For example, Table 1 is a transaction database, in which each integer number represents the purchased quantity for an item in a transaction. Table 2 is a Profit Table which records the profit for each item in Table 1. Suppose the user-specified utility threshold is 60%. Because the total utility of Table 1 is 224, the minimum utility is 226 * 60% = 134.4. The utility of itemset {D} is u ({D}) = 3×6 = 18 ≦ 135, which is not a high utility itemset . The utility of itemset {BD} is u ({BD}) = (6×10 + 1×6) + (10×10 + 1×6) = 172 ≥ 135. Therefore, itemset {BD} is a high utility itemset.

Table 1 A transaction database
Table 2 Profit table

For mining frequent itemset [1], all the subsets of a frequent itemset are frequent, that is, there is a downward closure property for frequent itemsets. However, the property is not available for high utility itemsets , since a subset of a high utility itemset may not be a high utility itemset. For the above example, itemset {BD} is a high utility itemset in Table 1, but its subset {D} is not a high utility itemset. Therefore, Liu et al. [7] proposed a Two-Phase algorithm for mining high utility itemsets. They defined the transaction weighted utility (twu) for an itemset X, which is shown in expression (4).

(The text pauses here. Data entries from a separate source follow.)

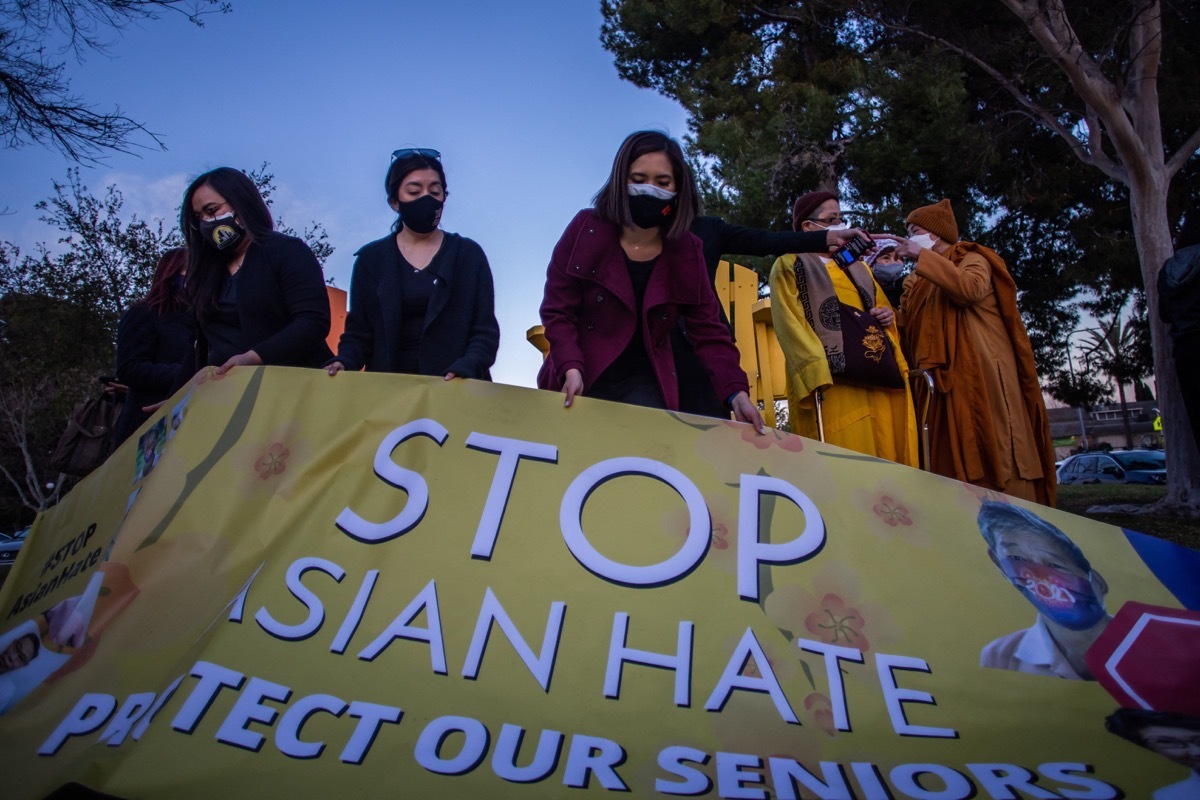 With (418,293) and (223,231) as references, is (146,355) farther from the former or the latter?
(418,293)

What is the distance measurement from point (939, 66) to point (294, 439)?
10127mm

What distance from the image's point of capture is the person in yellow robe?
3.95 meters

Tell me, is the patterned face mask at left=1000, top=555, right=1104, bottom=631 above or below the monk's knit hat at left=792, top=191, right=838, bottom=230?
below

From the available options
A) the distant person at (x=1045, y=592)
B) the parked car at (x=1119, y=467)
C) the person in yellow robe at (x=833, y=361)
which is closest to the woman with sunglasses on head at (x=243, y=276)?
the person in yellow robe at (x=833, y=361)

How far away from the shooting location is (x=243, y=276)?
3.31 metres

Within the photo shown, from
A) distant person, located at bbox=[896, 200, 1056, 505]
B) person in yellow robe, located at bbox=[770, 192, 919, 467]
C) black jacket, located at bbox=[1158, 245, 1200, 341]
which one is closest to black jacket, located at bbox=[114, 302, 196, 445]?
person in yellow robe, located at bbox=[770, 192, 919, 467]

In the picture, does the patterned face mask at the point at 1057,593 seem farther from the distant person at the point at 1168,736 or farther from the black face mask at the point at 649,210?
the black face mask at the point at 649,210

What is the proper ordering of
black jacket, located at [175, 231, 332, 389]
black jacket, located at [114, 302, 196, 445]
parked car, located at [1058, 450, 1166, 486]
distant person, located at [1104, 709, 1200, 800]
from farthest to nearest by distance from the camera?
parked car, located at [1058, 450, 1166, 486] < black jacket, located at [114, 302, 196, 445] < black jacket, located at [175, 231, 332, 389] < distant person, located at [1104, 709, 1200, 800]

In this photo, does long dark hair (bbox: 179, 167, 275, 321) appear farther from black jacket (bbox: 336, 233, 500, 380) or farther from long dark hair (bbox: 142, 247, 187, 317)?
long dark hair (bbox: 142, 247, 187, 317)

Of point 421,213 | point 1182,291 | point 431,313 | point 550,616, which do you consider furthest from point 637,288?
point 1182,291

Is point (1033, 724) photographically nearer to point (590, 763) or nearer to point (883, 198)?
point (590, 763)

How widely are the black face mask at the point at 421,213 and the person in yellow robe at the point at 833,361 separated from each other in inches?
64.8

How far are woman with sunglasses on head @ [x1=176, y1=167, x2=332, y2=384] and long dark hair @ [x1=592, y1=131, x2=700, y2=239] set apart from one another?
115cm

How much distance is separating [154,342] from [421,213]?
1.61m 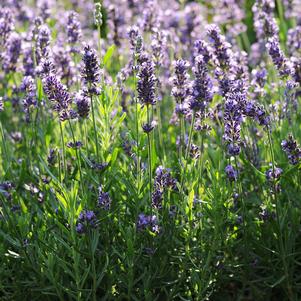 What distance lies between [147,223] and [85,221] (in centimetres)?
34

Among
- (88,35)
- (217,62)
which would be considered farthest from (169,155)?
(88,35)

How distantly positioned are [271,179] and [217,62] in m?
0.87

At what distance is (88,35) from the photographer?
8.24 metres

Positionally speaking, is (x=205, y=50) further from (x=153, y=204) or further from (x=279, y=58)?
(x=153, y=204)

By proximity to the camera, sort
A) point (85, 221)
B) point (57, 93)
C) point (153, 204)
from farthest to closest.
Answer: point (153, 204)
point (85, 221)
point (57, 93)

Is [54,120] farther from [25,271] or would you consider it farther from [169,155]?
[25,271]

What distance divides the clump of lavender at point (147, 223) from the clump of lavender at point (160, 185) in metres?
0.07

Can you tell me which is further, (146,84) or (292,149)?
→ (292,149)

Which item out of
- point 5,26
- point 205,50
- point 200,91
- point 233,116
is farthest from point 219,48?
point 5,26

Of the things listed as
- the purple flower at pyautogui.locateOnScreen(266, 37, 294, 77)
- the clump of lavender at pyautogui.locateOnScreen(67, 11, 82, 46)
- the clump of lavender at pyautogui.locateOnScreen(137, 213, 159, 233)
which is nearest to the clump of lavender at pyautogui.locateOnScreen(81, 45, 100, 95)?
the clump of lavender at pyautogui.locateOnScreen(137, 213, 159, 233)

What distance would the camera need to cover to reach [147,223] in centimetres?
319

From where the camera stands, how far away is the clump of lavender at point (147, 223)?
3.17 meters

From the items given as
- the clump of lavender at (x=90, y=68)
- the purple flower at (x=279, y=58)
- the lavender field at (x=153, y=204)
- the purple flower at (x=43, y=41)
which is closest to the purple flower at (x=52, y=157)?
the lavender field at (x=153, y=204)

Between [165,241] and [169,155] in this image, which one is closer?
[165,241] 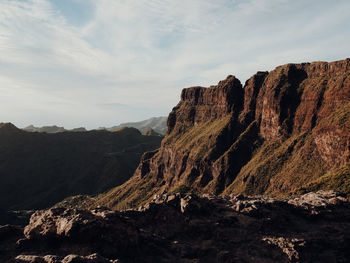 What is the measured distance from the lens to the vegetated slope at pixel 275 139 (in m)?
106

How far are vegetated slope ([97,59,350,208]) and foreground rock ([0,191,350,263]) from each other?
132ft

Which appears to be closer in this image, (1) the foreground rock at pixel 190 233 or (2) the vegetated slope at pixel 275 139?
(1) the foreground rock at pixel 190 233

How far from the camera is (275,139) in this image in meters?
144

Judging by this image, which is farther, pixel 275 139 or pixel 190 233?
pixel 275 139

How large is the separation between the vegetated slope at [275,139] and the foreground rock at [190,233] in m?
40.3

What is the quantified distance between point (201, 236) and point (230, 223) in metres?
6.58

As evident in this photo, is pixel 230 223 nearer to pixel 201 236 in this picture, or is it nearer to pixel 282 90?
pixel 201 236

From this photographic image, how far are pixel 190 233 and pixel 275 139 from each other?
116170 mm

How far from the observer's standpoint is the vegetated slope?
349ft

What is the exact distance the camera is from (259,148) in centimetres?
15250

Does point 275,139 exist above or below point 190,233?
above

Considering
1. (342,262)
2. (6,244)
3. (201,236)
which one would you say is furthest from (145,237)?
(342,262)

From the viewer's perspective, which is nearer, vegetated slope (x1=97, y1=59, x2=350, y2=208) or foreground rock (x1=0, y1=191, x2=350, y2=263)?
foreground rock (x1=0, y1=191, x2=350, y2=263)

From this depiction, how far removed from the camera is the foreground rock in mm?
34906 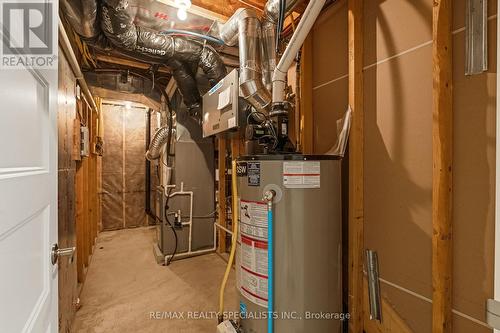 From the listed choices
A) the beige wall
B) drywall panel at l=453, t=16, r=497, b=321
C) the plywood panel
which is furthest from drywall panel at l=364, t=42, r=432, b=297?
the plywood panel

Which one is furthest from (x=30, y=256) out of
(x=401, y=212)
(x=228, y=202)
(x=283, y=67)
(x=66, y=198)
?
(x=228, y=202)

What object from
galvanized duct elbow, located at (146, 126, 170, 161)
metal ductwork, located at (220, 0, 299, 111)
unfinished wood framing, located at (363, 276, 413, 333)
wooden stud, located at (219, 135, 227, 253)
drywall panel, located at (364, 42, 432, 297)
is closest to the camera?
drywall panel, located at (364, 42, 432, 297)

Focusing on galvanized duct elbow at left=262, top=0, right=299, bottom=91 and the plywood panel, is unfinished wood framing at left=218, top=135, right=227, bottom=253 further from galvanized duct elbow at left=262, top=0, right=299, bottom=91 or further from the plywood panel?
the plywood panel

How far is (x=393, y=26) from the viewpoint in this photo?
139cm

$${\text{twu(X)}} = \sum\limits_{{{\text{X}} \subseteq {\text{T}}_{\text{q}} \in {\text{D}}}} {{\text{tu(T}}_{\text{q}} )}$$
(4)

If the twu of an itemset is no less than MU, then the itemset is a high transaction weighted utility (HTWU) itemset. According to expression (4), the twu for an itemset X must be greater than or equal to the utility of X in D. Therefore, if X is a high utility itemset , then X must be a HTWU itemset. All the subsets of a HTWU itemset are also HTWU itemsets. Therefore, there is a downward closure property for HTWU itemsets. The first phase for the Two-Phase algorithm [7] is to find all the HTWU itemsets which are called candidate high utility itemsets by applying Apriori algorithm [1]. Two-Phase algorithm scans the database again to compute the utilities for all the candidate high utility itemsets and find high utility itemsets in the second phase.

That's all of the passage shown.